Demain, des paysans sans terre ?

Rendez-vous annuel, le Salon de l’Agriculture à Paris tend à rendre crédit notamment au grand artisanat de l’élevage français. Mais il appelle aussi à pointer du doigt ruptures et graves inquiétudes.

Terre de silence, le suicide d’un agriculteur ne faisait pas de bruit. On en parle aujourd’hui, puisqu’un agriculteur – fréquemment des éleveurs –  met fin à sa vie tous les 2 jours en France.
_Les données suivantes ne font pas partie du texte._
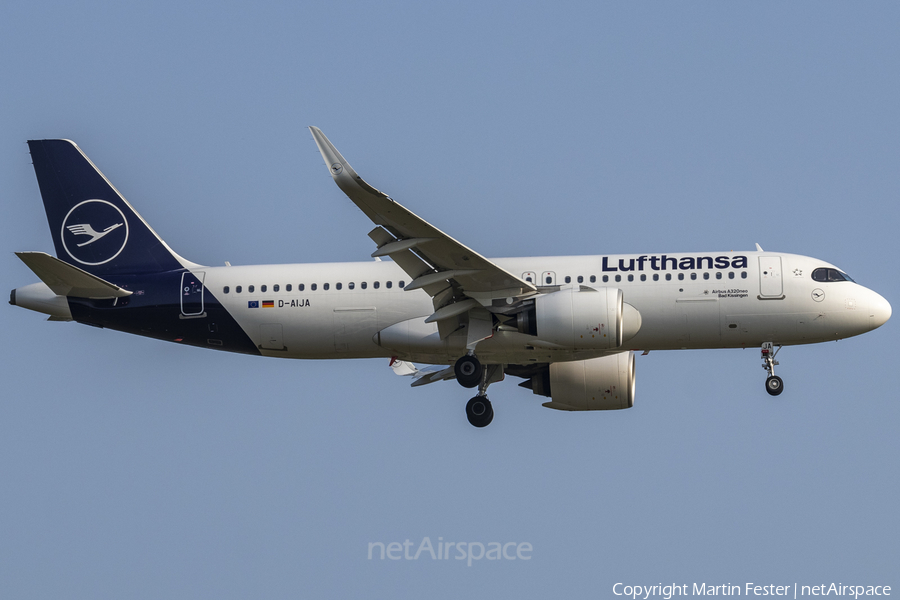 Lufthansa Airbus A320-271N (D-AIJA) | Photo 467908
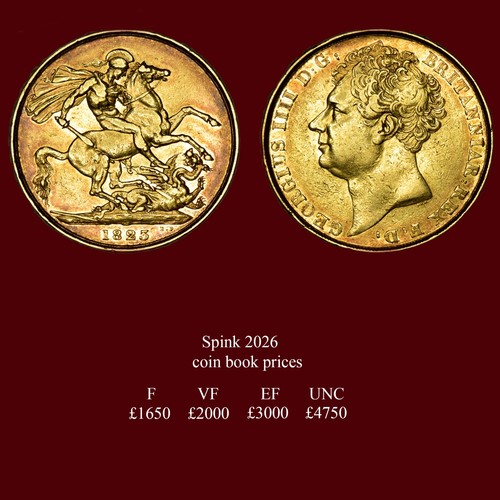 George the iiii 1823 gold - iiii,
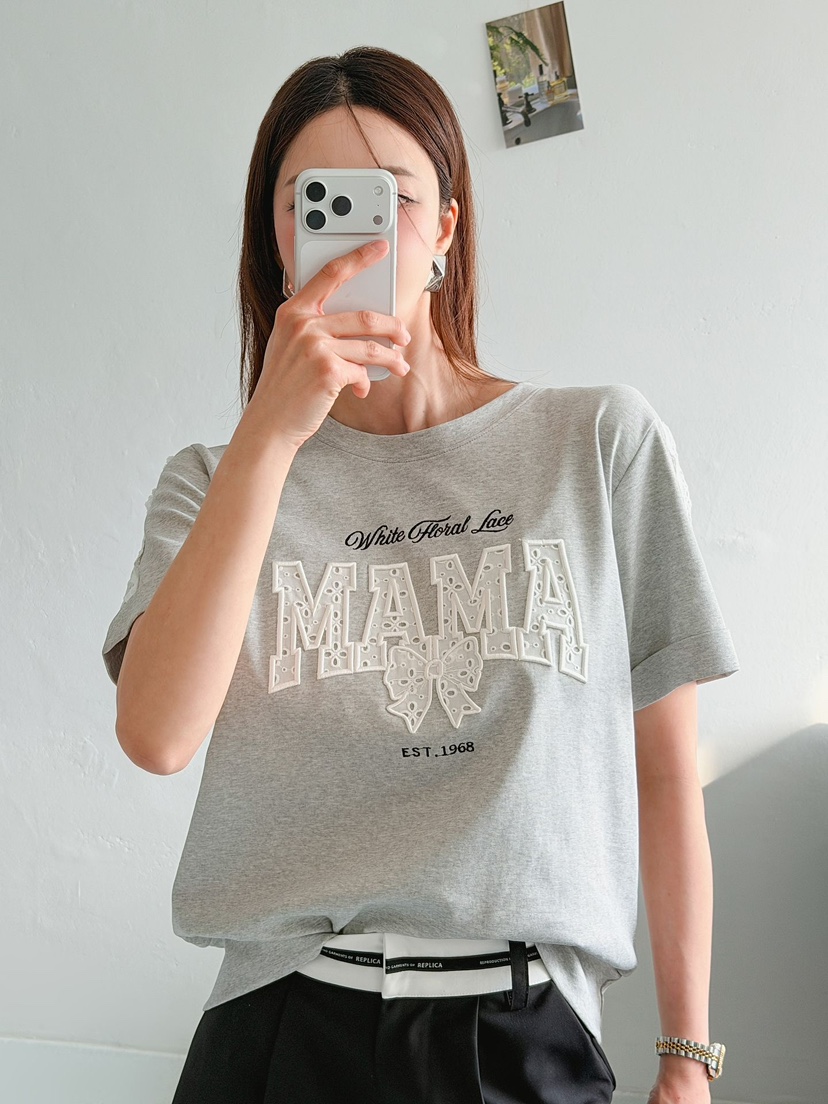 IAAN韓國直郵女裝新款職業人氣休閑26春夏熱賣推薦時尚T恤iaAnT恤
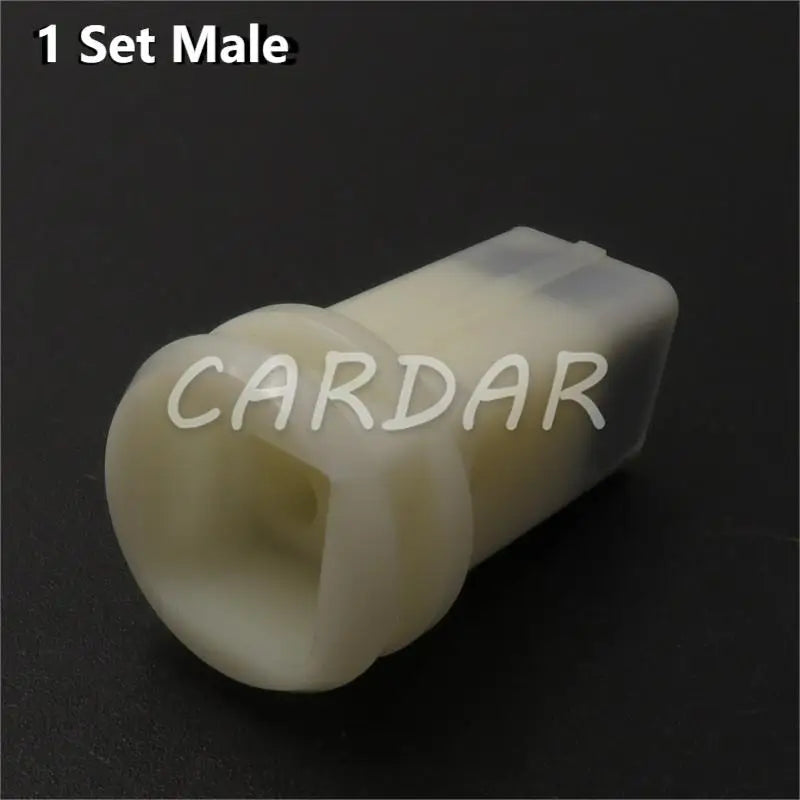 4 Pin Electronic Quadrate Waterproof Insulated Wire Electric Connector Socket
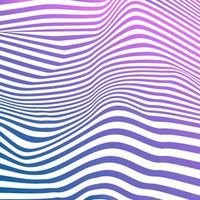 Abstract modern line background purple cyan color gradient style vector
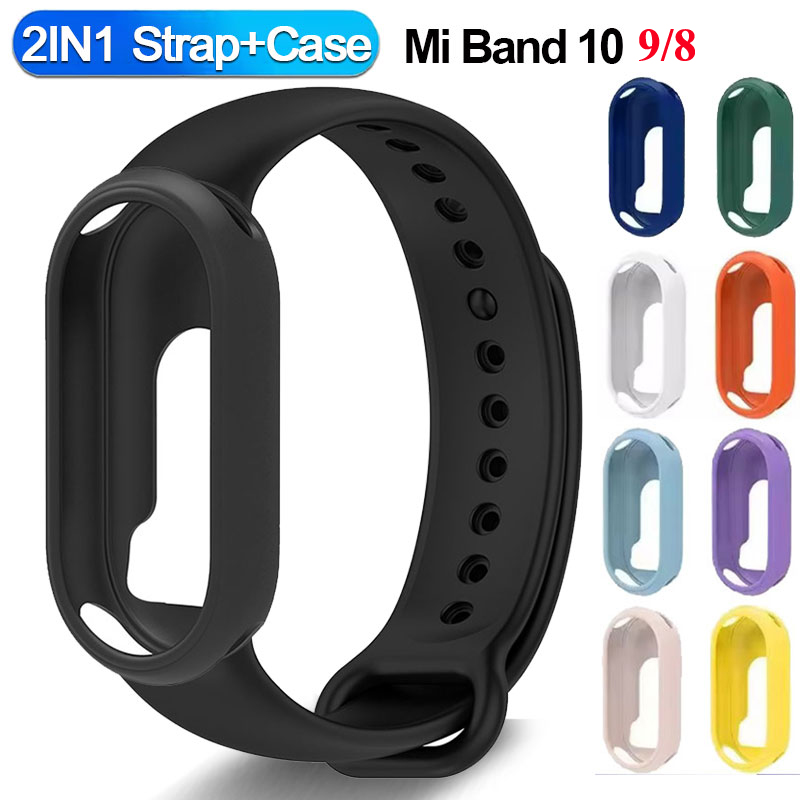 Silicone Strap+Watch Case For  - Xiaomi Smartwatch Accessories recensione e prezzo
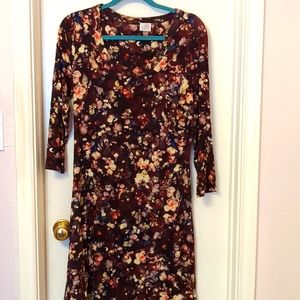 Cupio Floral Dress (large)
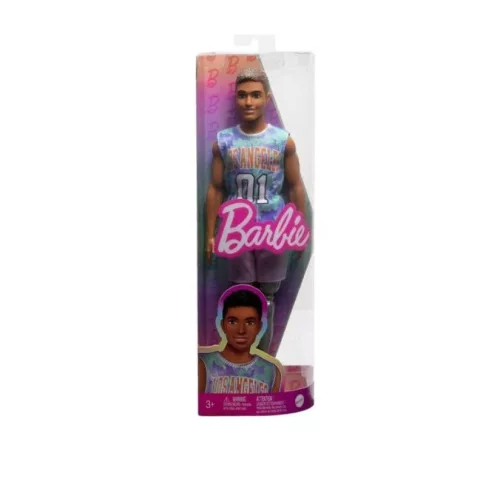 Barbie Ken Fashionistas baba lábprotézissel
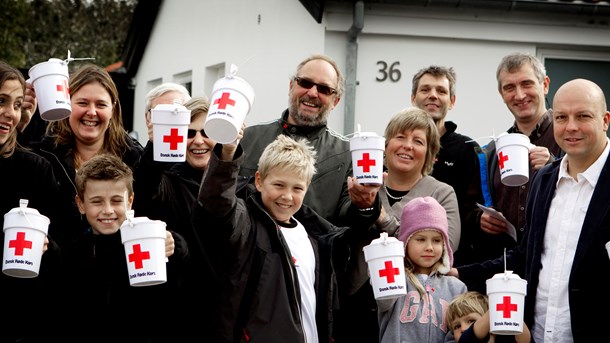 Frivilligrådet får fremover 12 medlemmer - heraf 8, som er valgt af sociale, frivillige organisationer. En af dem er Dansk Røde Kors. 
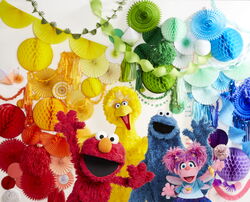 Sesame Street: 50th Anniversary, Muppet Wiki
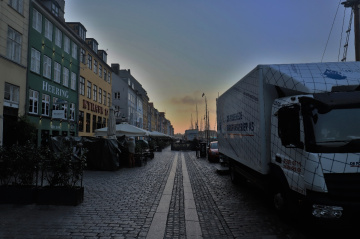 Nyhavn - Copenhagen - Denmark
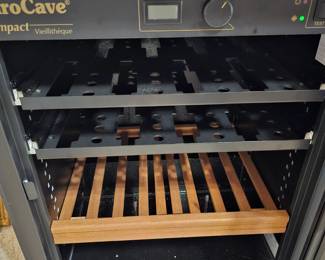 EuroCave Wine Cooler Refrigerator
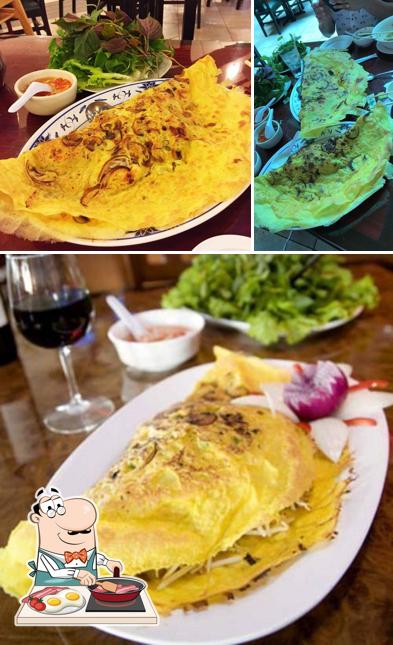 Tortillas en Que Huong Restaurant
Une première statistique officielle l’a établi en octobre dernier.

Dette et bureaucratie

On en connaît les causes, isolement, pénibilité du travail, harcèlements administratifs, surtout le poids de la dette, car aucun exploitant ne peut échapper au besoin de modernisation, désormais confronté au cercle infernal des financiers, industriels et distributeurs.

Productivisme, tel est évidemment le grand mot d’ordre. A nouveau illustrée au Salon, vitrine de l’avenir triomphant, porté par la technologie et la mécanisation.

La terre ou le bidonville

Aussi, l’on ferait bien de prêter attention à la FAO, organisation onusienne pour l’agriculture et l’alimentation, insistant, peut-être un peu tard, sur la nécessité de remettre au centre des politiques agricoles, l’agriculture familiale.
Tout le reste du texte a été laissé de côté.